Still new to OCF and first time I've done a long exposure with rear curtain strobe portrait, had a blast learning though.


----------



## reznap (Aug 8, 2011)

#1: not sure why the long exposure?  If there were headlight trails from cars on a nearby street or something or even more dramatic water spouts from the fountain, it might have given the shot more impact.

#2's awesome.. square crop works here as well I think.  I like the lighting and the background.. basically everything about it.


----------



## Derrel (Aug 8, 2011)

#2 is very nice!!! Like reznap said above, everything about it is agreeable. Way to go! Such simplicity.


----------



## Geaux (Aug 8, 2011)

reznap said:


> #1: not sure why the long exposure?  If there were headlight trails from cars on a nearby street or something or even more dramatic water spouts from the fountain, it might have given the shot more impact.



The reason I chose the long exposure is because the fountain is tucked under trees with no lighting around it and I wanted to get some of the background/foreground lighted.  The one strobe wasn't enough light to light the subject and surrounding area or get the feel that I wanted in the shot.  It was either, short exposure and only have him and the rim of the fountain lit or let the shutter run to get the ambiant lighting the way I wanted.  Keep in mind, this was shot after midnight.

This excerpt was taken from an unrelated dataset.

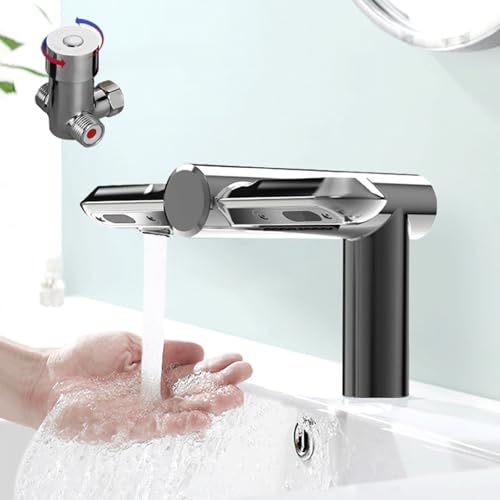 Smart Sensor Kran med Inbyggd Handtork - Kontaktfri Drift, Automatisk Varm/Kall Luft (25°C Tröskel), Automatisk Kran och Handtork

@Derrel, thanks man.  One thing I worried about with this image was his eyes not looking at the camera and a bit off to the side.  I was iffy on if I liked it or not (the facial expression, not the shot lol)


----------



## IgsEMT (Aug 8, 2011)

GREAT JOB!!!
30s exposure, that's something... my wedding party can't stand still for 5 seconds and you got this kid standing for 30 
I love number 3. Wide angle + square + distorted back ground = GREAT COMBO!!!


----------



## cnutco (Aug 8, 2011)

The last is great!  I need to make that dish I have been putting off...


Thanks for sharing.


----------



## e.rose (Aug 8, 2011)

I'm gonna go against the grain of everyone here, and say, I actually really like the way you edited #1.


----------



## Geaux (Aug 9, 2011)

^Thanks E.Rose   I'm leaning in the same direction, personally.  I know it's not for everyone, but I dig it.

@Cnutco: Seriously, if you get a chance to make one, do it.  Overall an easy project, imo.  I did it in about 6 hours, made custom bracket for flash etc.  I'll post a picture when I get home later.


----------



## Robin Usagani (Aug 9, 2011)

dude..  1600 posts and you still post in the beginners section?  You must be a slow learner.


----------



## Geaux (Aug 9, 2011)

I am.  I have A LOT to learn still.


----------



## jwbryson1 (Aug 9, 2011)

With all due respect to everybody in this thread, I want to understand something because I am confused by the responses you have received on these photos.  I've seen a lot of pics slammed as "snapshots" and I don't understand how these supposed "snapshots" are any worse than these photos that you put here for review.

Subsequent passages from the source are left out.